The chic, glass-walled restaurant where the Bangalore SMAC (Single Malt Amateurs’ Club) is meeting encapsulates the new culture of whisky that’s budding in India. The founder of the SMAC, Hemanth Rao, is an IT professional in his late 30s; he started the club a decade ago. “Back then I could count on my fingers how many people would actually be interested [in single malts],” he tells me. “But now, there are people who are genuinely interested and not only for the tasting sessions, per se. They’re actually interested in the whisky, the making of the whisky, and how it is in comparison with others.”
This group includes both men and women, mainly other young and affluent professionals who work in the city’s flourishing IT sector. They go out to upscale restaurants, drive shiny new cars, and dwell in the sleek high-rise buildings sprouting up all across this sprawling metropolis. Flush with disposable income, they also often drink socially—a change from generations past, when the idea of consuming alcohol publicly, or in front of one’s elders, was taboo. “I could never, never, ever have thought of drinking in front of my father,” says Amrut master distiller Surrinder Kumar. “But you see my family now…the other day, my son offered us beer, and he had it himself as well. I have no problems [with that.]”

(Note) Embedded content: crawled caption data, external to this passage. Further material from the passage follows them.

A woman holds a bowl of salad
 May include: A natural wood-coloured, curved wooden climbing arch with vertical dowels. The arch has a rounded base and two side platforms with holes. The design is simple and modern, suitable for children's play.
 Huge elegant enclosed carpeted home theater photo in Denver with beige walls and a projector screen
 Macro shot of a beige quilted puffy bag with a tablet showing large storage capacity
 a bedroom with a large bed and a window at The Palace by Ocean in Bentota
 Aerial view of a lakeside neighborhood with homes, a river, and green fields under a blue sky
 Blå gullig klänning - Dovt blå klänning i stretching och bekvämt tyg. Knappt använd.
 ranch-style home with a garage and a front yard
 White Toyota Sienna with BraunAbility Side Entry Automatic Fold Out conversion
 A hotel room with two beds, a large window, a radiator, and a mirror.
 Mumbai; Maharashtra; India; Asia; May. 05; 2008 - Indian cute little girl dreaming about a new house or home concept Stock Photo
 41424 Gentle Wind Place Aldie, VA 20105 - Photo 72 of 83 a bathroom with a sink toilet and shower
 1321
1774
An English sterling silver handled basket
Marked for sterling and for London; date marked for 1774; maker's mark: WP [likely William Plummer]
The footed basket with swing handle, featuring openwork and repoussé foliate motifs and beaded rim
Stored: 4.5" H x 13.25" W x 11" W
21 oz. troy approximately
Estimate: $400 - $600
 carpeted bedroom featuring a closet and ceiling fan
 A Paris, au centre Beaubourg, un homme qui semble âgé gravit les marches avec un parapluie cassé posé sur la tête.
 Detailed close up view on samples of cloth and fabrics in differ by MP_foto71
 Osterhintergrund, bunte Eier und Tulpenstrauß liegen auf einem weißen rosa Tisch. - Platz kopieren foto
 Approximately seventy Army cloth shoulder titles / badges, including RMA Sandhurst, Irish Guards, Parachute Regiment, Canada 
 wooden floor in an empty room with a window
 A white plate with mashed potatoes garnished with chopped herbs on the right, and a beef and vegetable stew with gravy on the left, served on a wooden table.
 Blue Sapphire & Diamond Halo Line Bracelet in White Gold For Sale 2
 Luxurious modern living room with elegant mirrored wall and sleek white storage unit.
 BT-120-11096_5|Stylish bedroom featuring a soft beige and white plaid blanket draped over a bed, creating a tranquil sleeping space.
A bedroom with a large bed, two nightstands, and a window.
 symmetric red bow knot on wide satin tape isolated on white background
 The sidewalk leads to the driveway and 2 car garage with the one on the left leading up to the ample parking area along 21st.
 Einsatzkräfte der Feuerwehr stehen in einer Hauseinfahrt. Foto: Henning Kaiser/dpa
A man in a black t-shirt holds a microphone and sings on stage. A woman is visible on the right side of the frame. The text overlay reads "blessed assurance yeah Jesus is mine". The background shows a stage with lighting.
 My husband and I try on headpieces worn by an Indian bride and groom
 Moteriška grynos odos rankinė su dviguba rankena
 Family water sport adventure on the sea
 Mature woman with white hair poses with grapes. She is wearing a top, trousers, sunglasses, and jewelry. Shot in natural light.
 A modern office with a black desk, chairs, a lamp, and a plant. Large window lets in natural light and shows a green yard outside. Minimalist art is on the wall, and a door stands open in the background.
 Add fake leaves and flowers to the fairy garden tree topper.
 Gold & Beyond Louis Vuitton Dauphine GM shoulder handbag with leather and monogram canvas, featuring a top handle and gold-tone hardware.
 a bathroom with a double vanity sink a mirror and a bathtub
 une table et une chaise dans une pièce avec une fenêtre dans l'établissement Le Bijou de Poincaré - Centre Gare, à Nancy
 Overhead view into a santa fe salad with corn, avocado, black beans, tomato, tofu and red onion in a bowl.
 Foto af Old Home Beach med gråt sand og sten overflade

During the SMAC tasting that I attended, club members nosed, tasted, and scored four undisclosed single malt whiskies, knowing only that two were from Scotland and two from India. (“It’s the kilts versus the dhotis!” the club’s Facebook post proclaimed.) Conversation was lively and at the end of the night, with Scotland barely eking out a victory over India, club members decamped to corner tables to drink and discuss more. For a whisky enthusiast like me, it felt like home.
A New Point of Pride
In sync with India’s emerging middle class and a growing interest in high-quality whisky, Indian single malts have become an alternative to pricey imports—although they are still viewed as inferior by most. Paul John master distiller Michael D’Souza explains the problem. “India is unique—we like anything foreign,” he says, noting that if it’s a choice between Johnnie Walker and an Indian-made whisky, the vast majority of drinkers will choose the scotch.
Indians are slowly realizing the quality of their own whisky, and Paul John is betting that if you build it, they will come. The distillery is opening a visitor center, the first of its kind in the country, targeted at both Western and Indian tourists. It’s also seeking permission to start selling whisky on-site, another first for India.
Nice Girls Don’t Drink Whisky
Old-fashioned attitudes about women drinking whisky still prevail in some settings. Related by marriage to a big Indian family, I presented whisky as a gift to my Indian relatives—and discussed my work as a whisky writer—but I was never offered a tipple of uncle’s favorite, Blender’s Pride (although when I wasn’t around, my husband was). Later on, an unsurprised Indian-American cousin shook her head—nice young women in India simply don’t drink whisky, she told me. No wonder the waiter at the Goan restaurant looked shocked when I ordered three separate drams with dinner!
Thankfully, times are changing. The expanding base of whisky drinkers, especially women, is born of a larger cultural shift. “Indian women do not conform to gender-specific roles anymore,” says Charnelle Martins, a member of the SMAC and a whisky researcher. “Most women have jobs and work at offices, as compared to being traditional housewives, and this equality has empowered them, especially in metropolitan areas, to be more open to consume and purchase alcohol. Whisky isn’t considered just a man’s drink anymore.”
When I went into an Indian liquor store, the shopkeeper seemed surprised, but served me politely. India’s whisky culture is evolving quickly. There’s much more of the story to tell; it’s unfolding every day.